• [Input for this task]
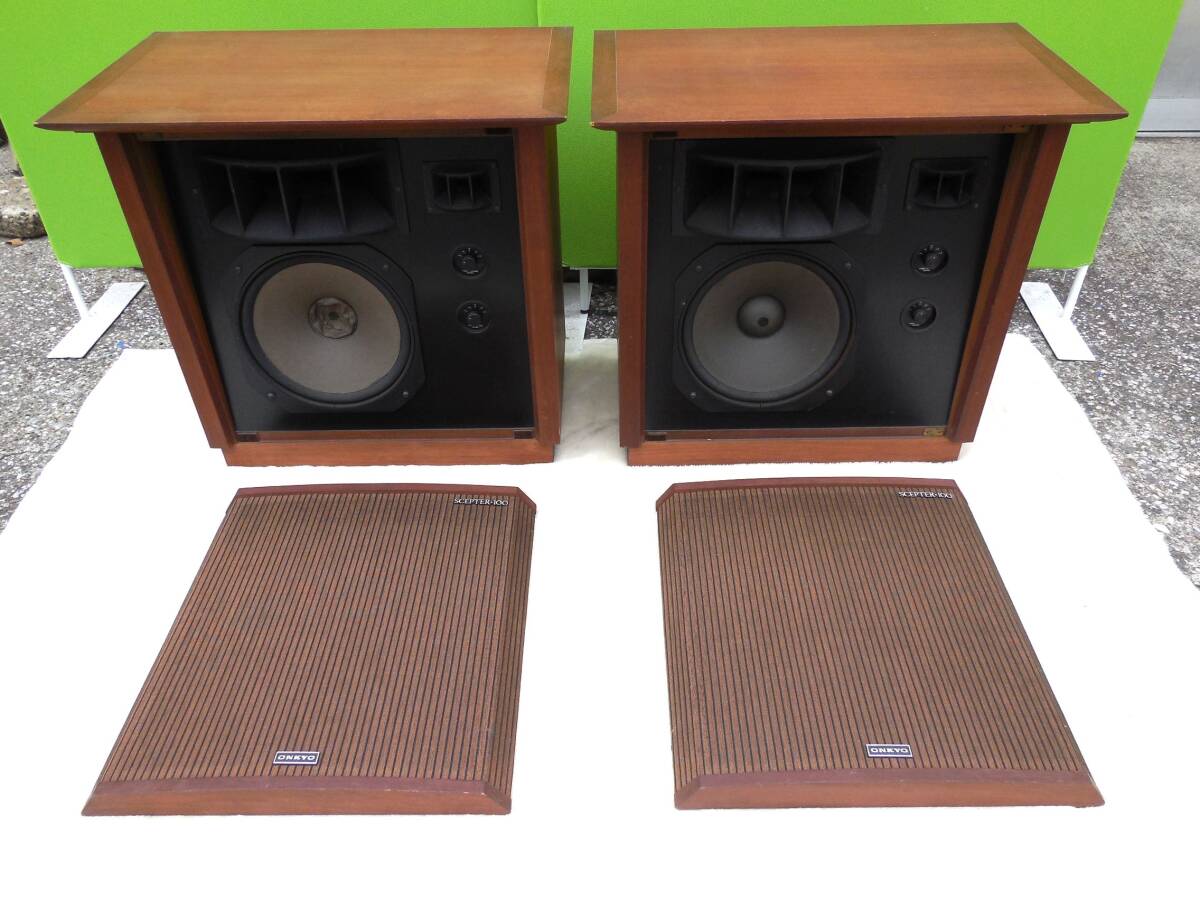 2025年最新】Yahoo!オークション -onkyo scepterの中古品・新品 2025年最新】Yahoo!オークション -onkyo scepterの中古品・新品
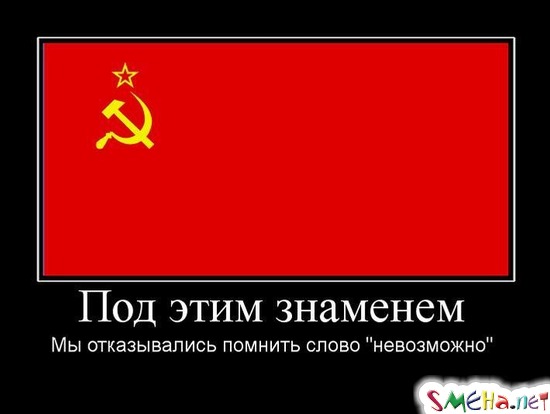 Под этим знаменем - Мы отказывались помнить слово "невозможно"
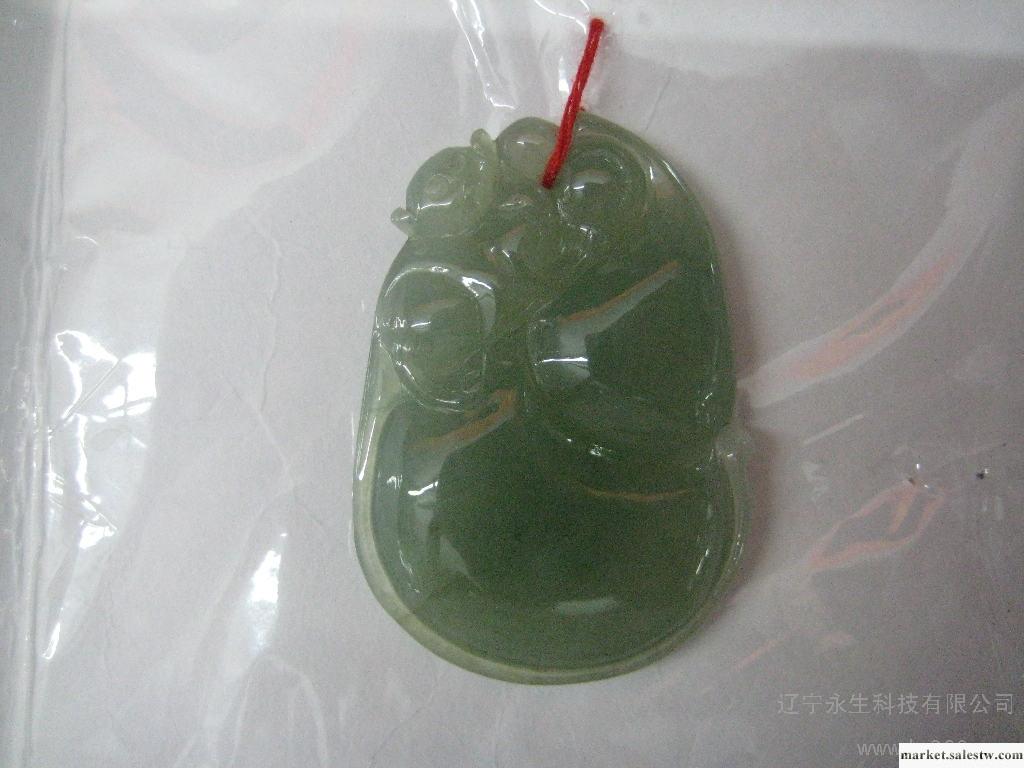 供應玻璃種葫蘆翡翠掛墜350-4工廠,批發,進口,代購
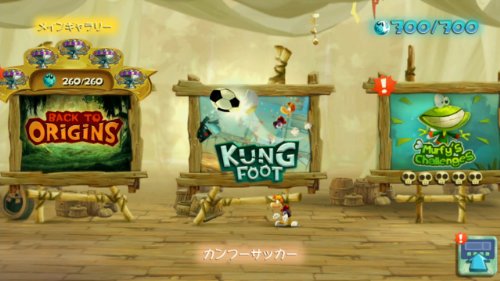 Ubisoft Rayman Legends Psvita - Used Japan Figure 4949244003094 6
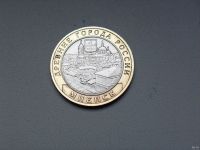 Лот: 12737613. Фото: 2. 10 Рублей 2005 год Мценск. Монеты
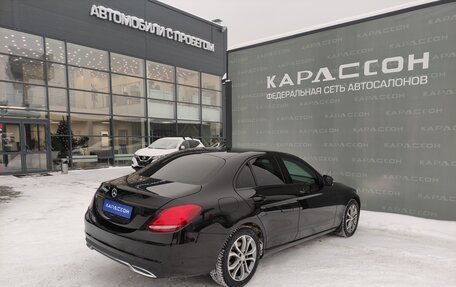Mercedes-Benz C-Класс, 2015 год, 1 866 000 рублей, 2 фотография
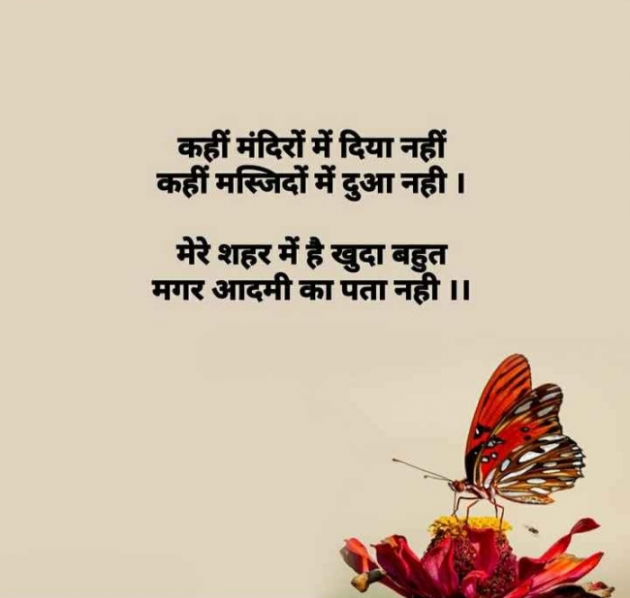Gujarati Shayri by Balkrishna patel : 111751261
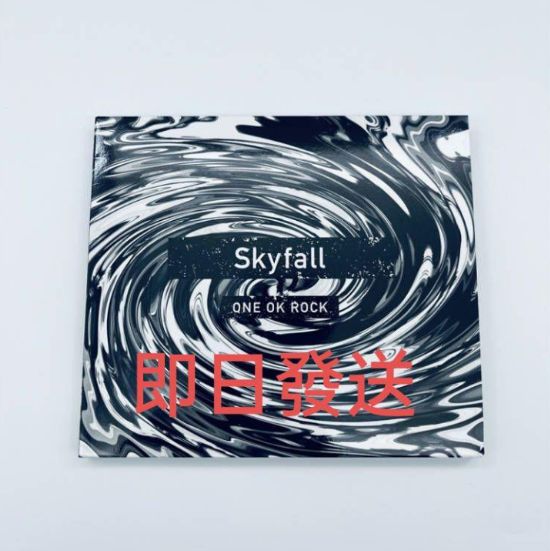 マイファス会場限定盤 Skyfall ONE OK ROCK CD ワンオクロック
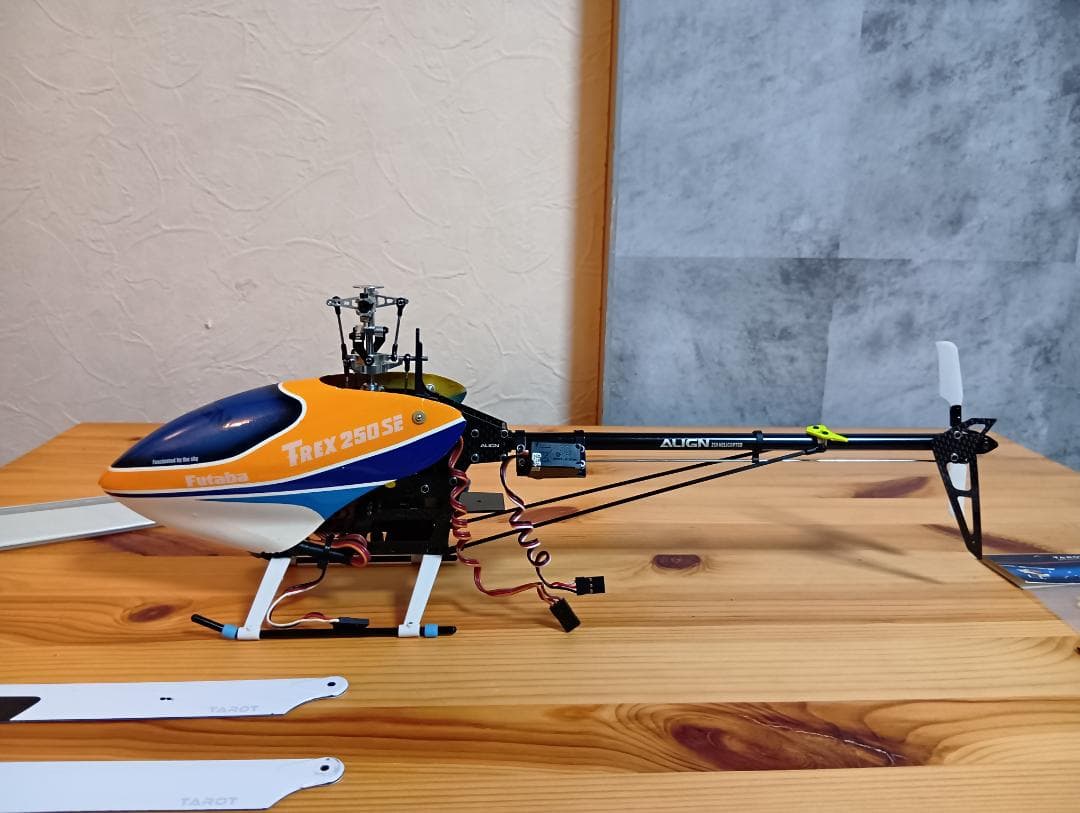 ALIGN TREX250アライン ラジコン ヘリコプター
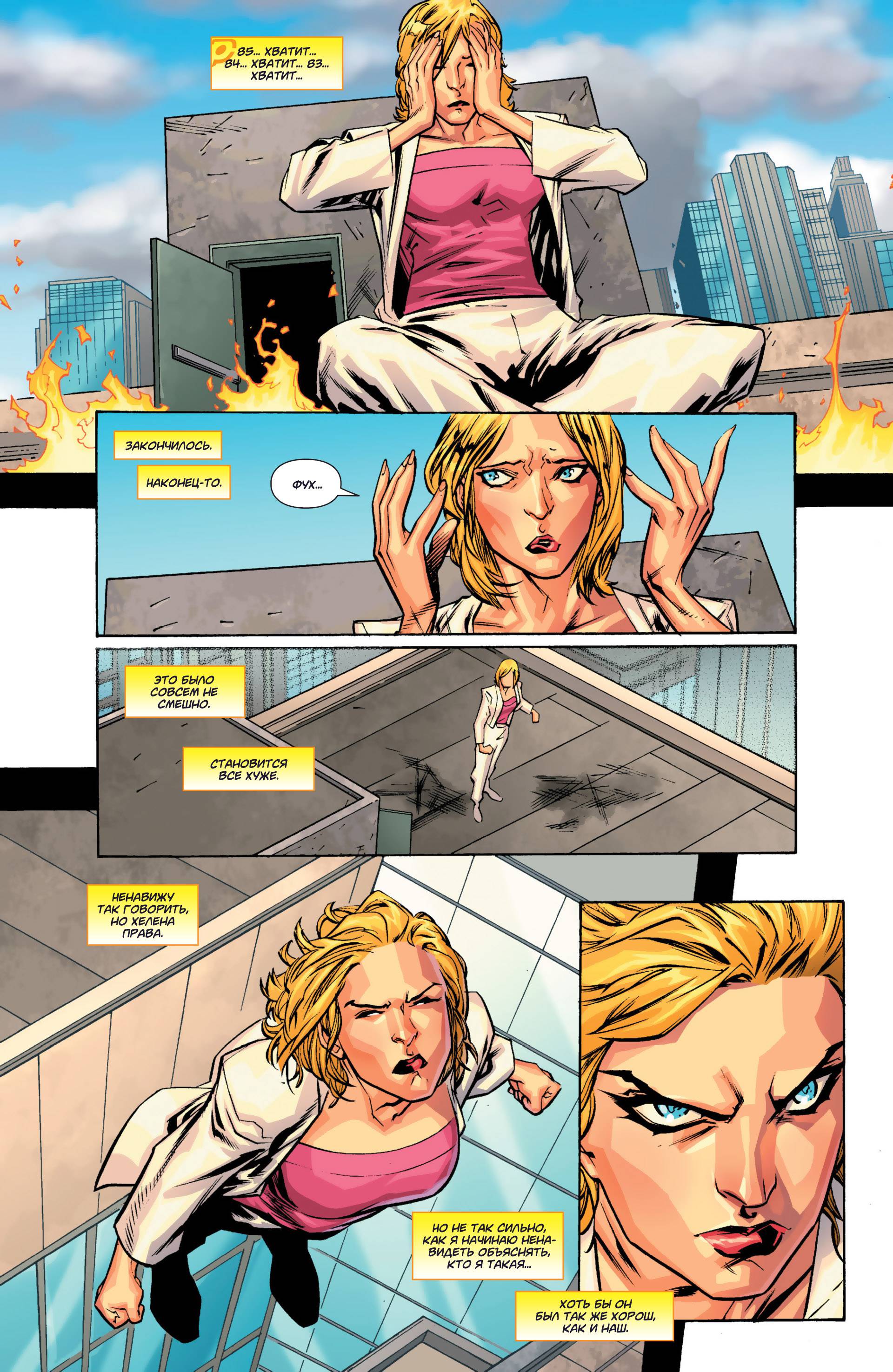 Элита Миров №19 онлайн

• [The problem]
In the entries above, find the line containing "マイファス会場限定盤 Skyfall ONE OK ROCK CD ワンオクロック", then please retype it and every line after it through the last, exactly as written, omitting pictures.

• [Written reply]
 マイファス会場限定盤 Skyfall ONE OK ROCK CD ワンオクロック
 ALIGN TREX250アライン ラジコン ヘリコプター
 Элита Миров №19 онлайн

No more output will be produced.